▶ _TASK OBJECTIVE_
From the line containing "Domaine Le Bostonnais" to the final line of the entries, copy each line exactly. Pictures stay out.

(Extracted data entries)
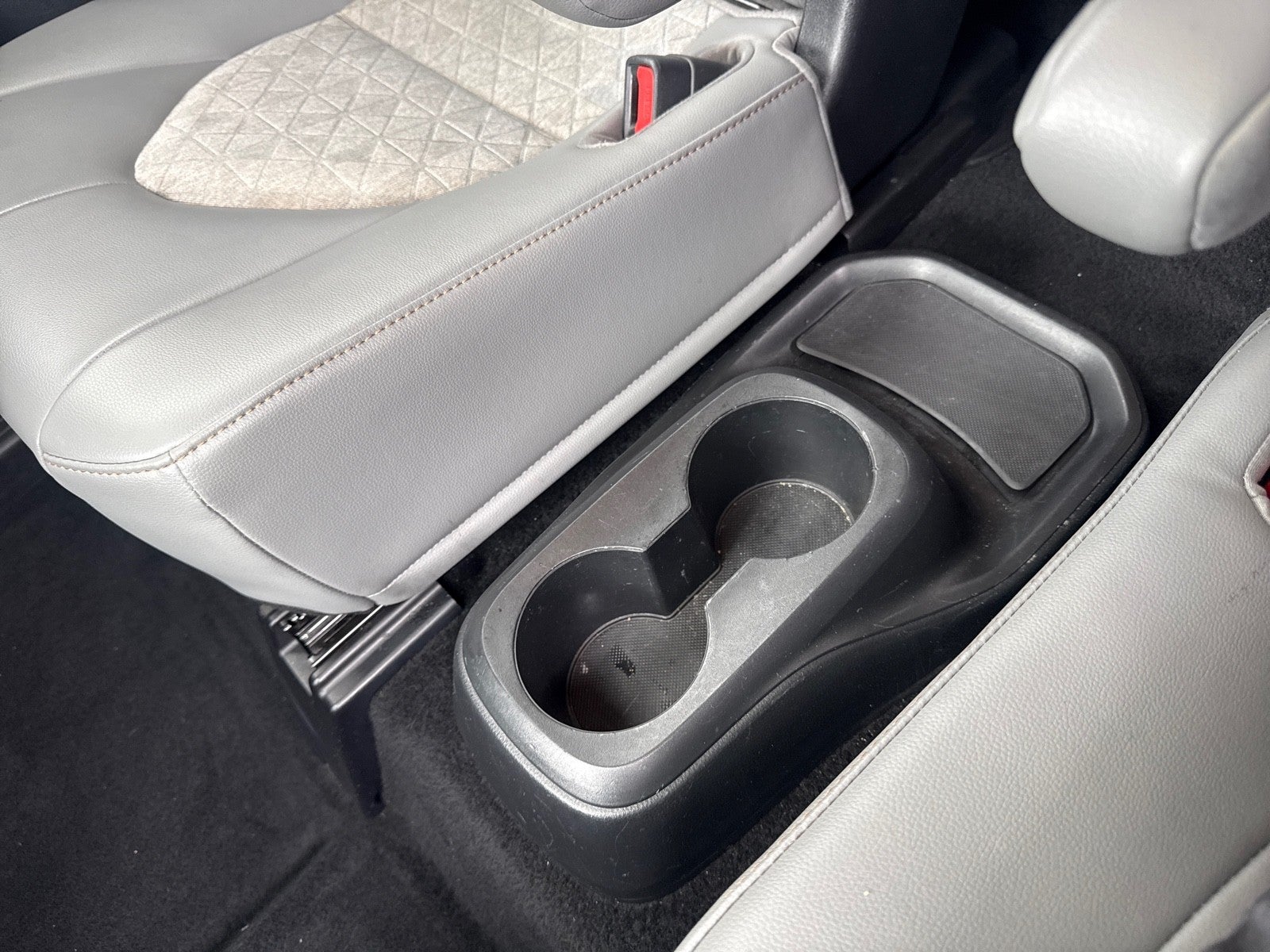 2022 Toyota Highlander Hybrid Bronze Edition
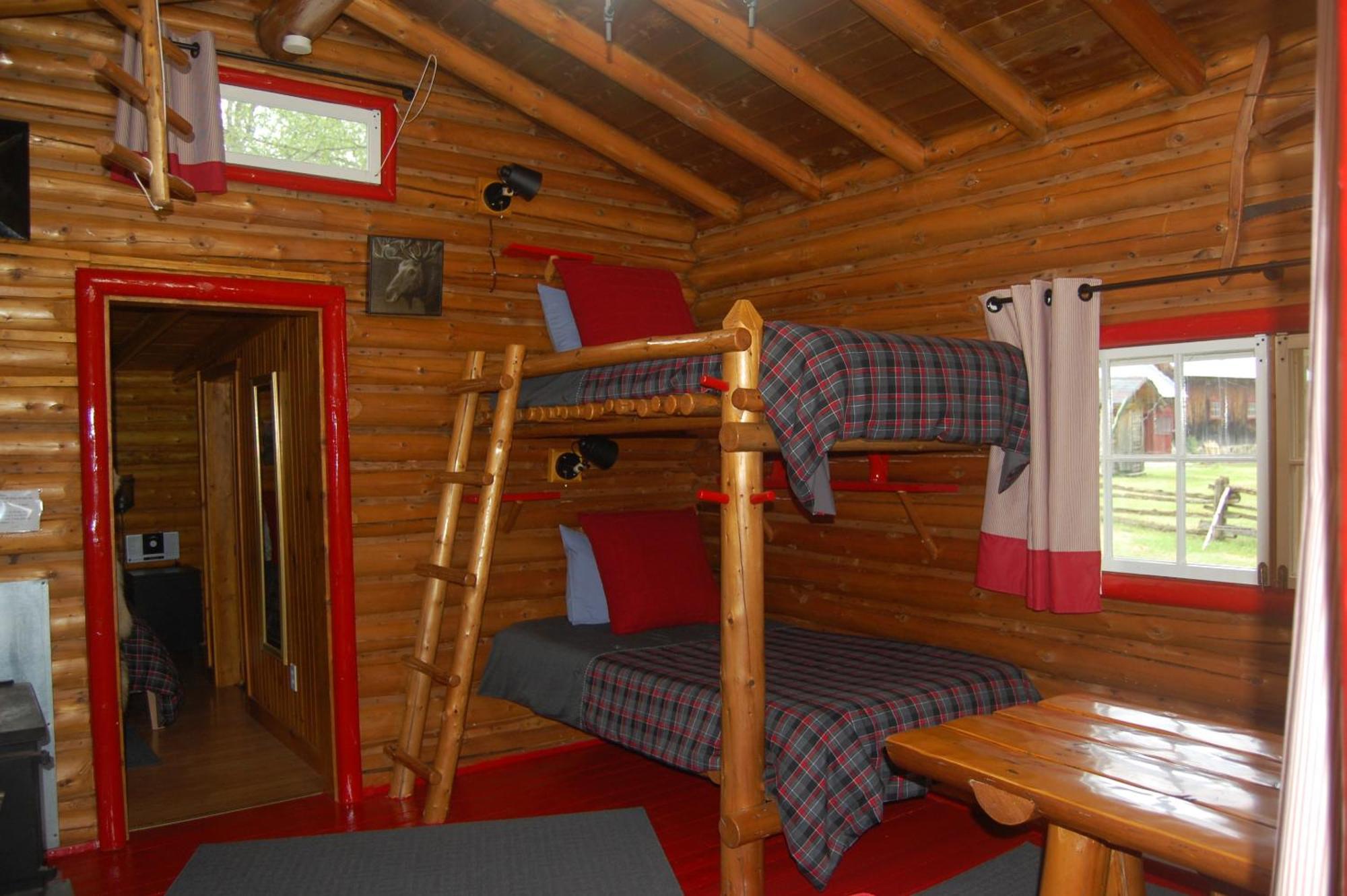 Domaine Le Bostonnais - Le Village En Bois Rond La Tuque Room photo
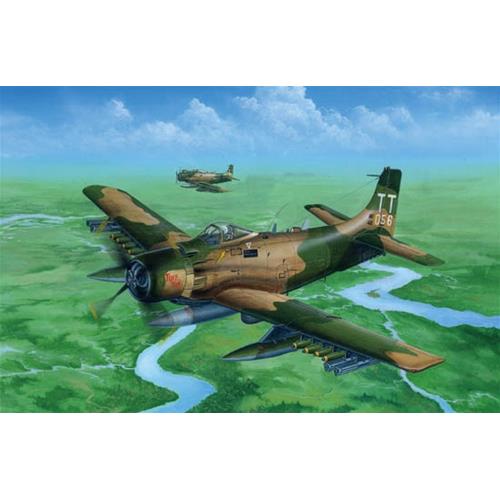 1:32 TRUMPETER KIT A-1J Ad-7 Skyraider TR02254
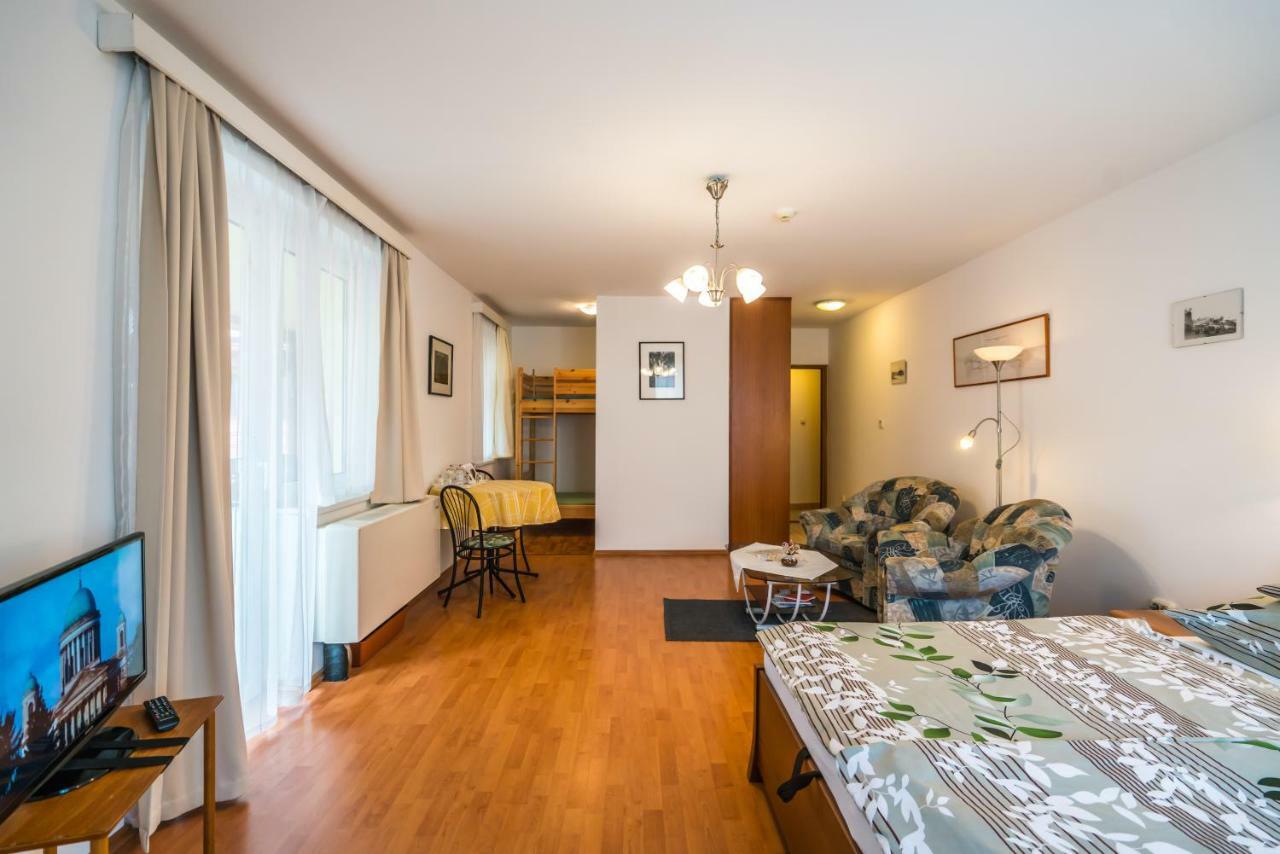 Hôtel Szent Kristof Panzio à Esztergom Extérieur photo
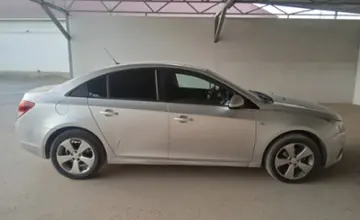Chevrolet Cruze 2011 года за 2 800 000 тг. в Кызылорда фото 4
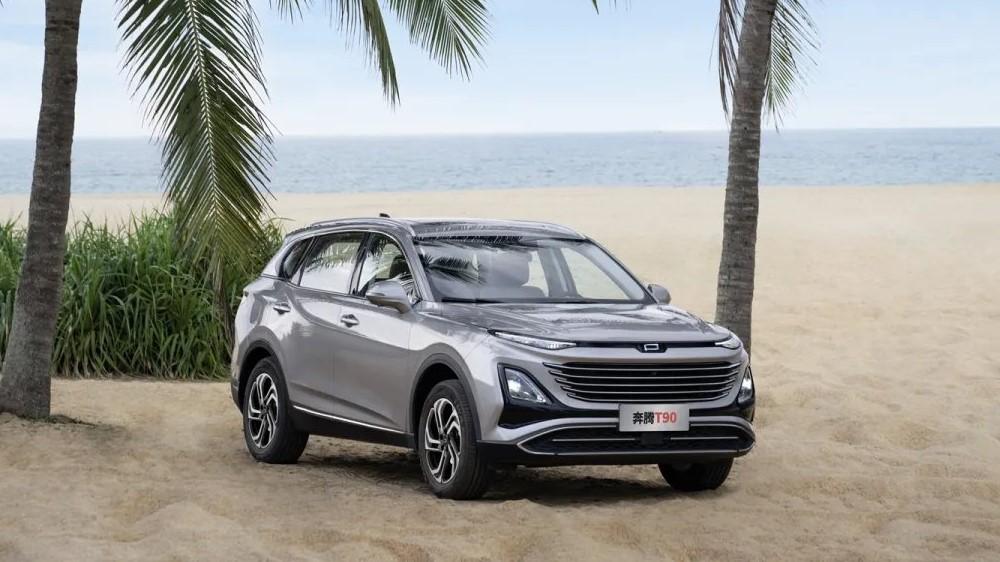 Кроссовер FAW Bestune T90 сбоку спереди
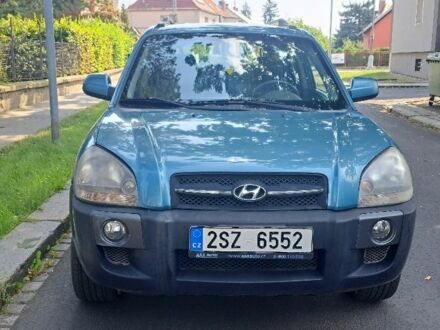 Зеленый Хендай Туксон, объемом двигателя 0 л и пробегом 250 тыс. км за 4000 $, фото 1 на Automoto.ua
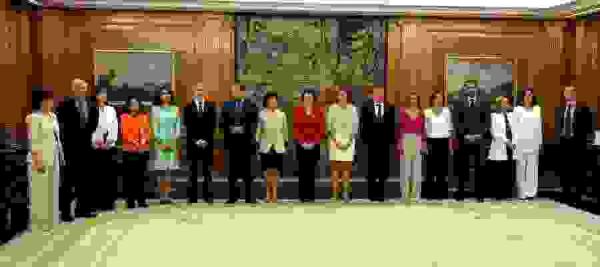 El "Consejo de Ministras y Ministros" de Pedro S&aacute;nchez toma posesi&oacute;n de su cargo ante el Rey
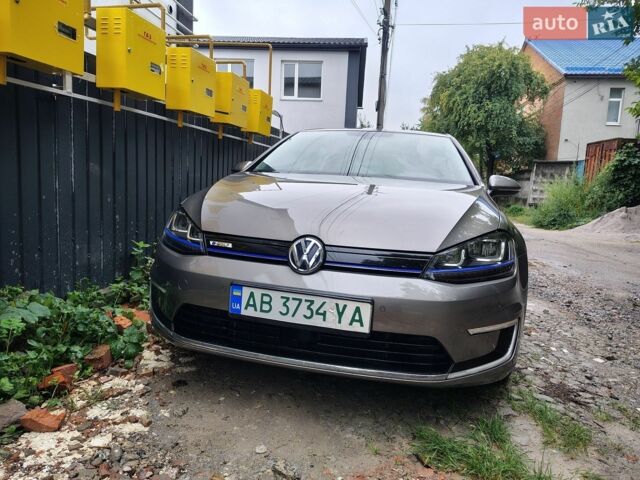 Сірий Фольксваген e-Golf, об'ємом двигуна 0 л та пробігом 142 тис. км за 8700 $, фото 1 на Automoto.ua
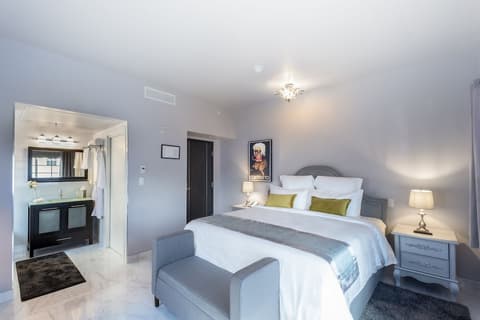 Secret Garden Miami Beach, Room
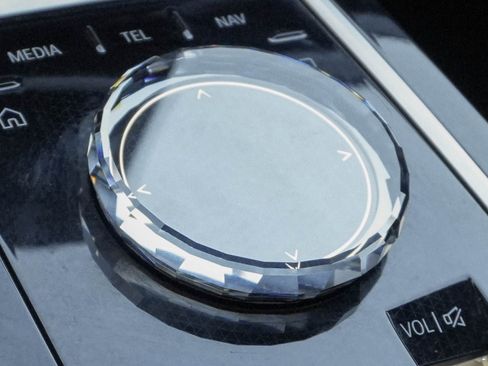 Used 2023 BMW 760i xDrive image 26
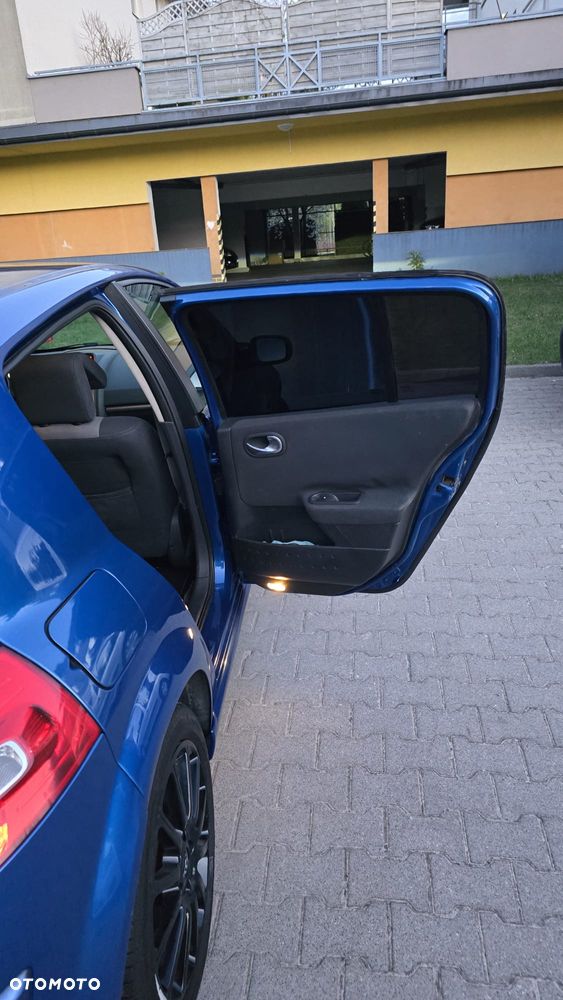 Renault Megane 2.0 dCi Dynamique - 8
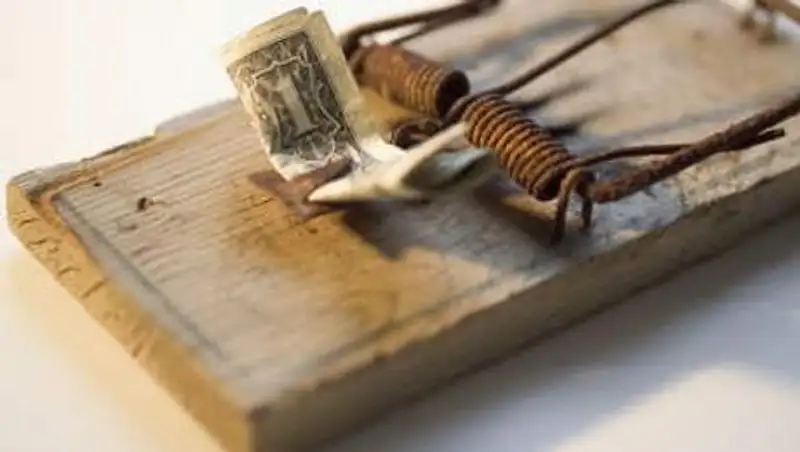 Чиновники Казахстана разделятся на «красавчиков» и попавшихся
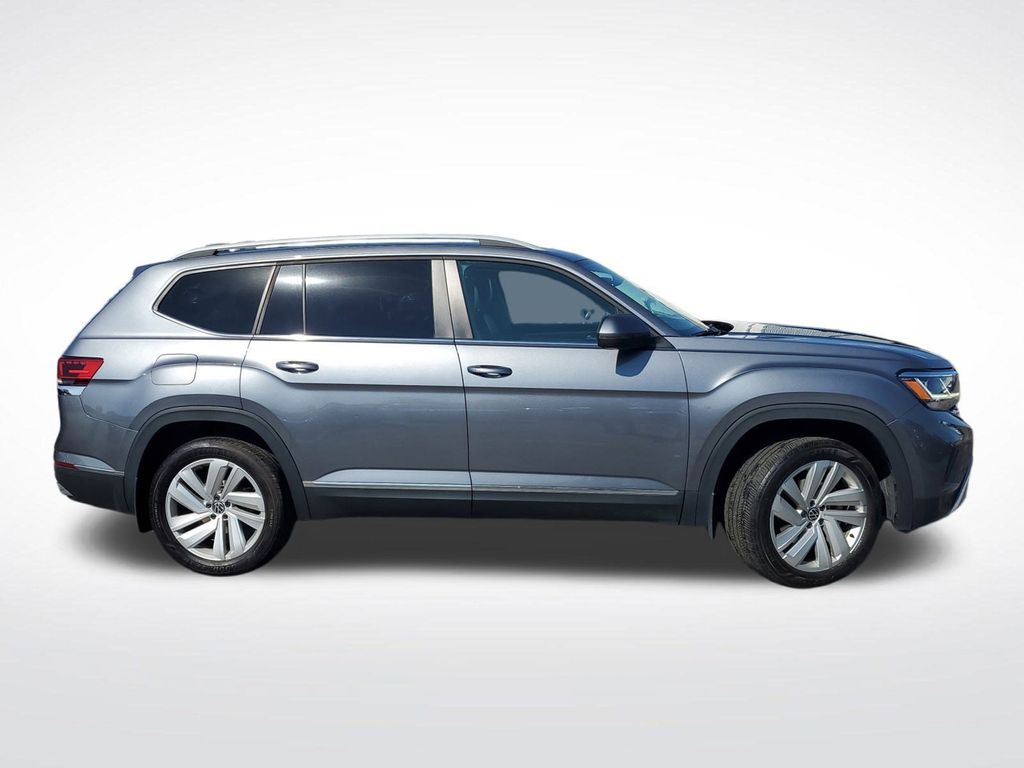2021 Volkswagen Atlas V6 SEL photo 2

▶ _EXERCISE ANSWER_
 Domaine Le Bostonnais - Le Village En Bois Rond La Tuque Room photo
 1:32 TRUMPETER KIT A-1J Ad-7 Skyraider TR02254
 Hôtel Szent Kristof Panzio à Esztergom Extérieur photo
Chevrolet Cruze 2011 года за 2 800 000 тг. в Кызылорда фото 4
 Кроссовер FAW Bestune T90 сбоку спереди
 Зеленый Хендай Туксон, объемом двигателя 0 л и пробегом 250 тыс. км за 4000 $, фото 1 на Automoto.ua
 El "Consejo de Ministras y Ministros" de Pedro S&aacute;nchez toma posesi&oacute;n de su cargo ante el Rey
 Сірий Фольксваген e-Golf, об'ємом двигуна 0 л та пробігом 142 тис. км за 8700 $, фото 1 на Automoto.ua
 Secret Garden Miami Beach, Room
 Used 2023 BMW 760i xDrive image 26
 Renault Megane 2.0 dCi Dynamique - 8
 Чиновники Казахстана разделятся на «красавчиков» и попавшихся
2021 Volkswagen Atlas V6 SEL photo 2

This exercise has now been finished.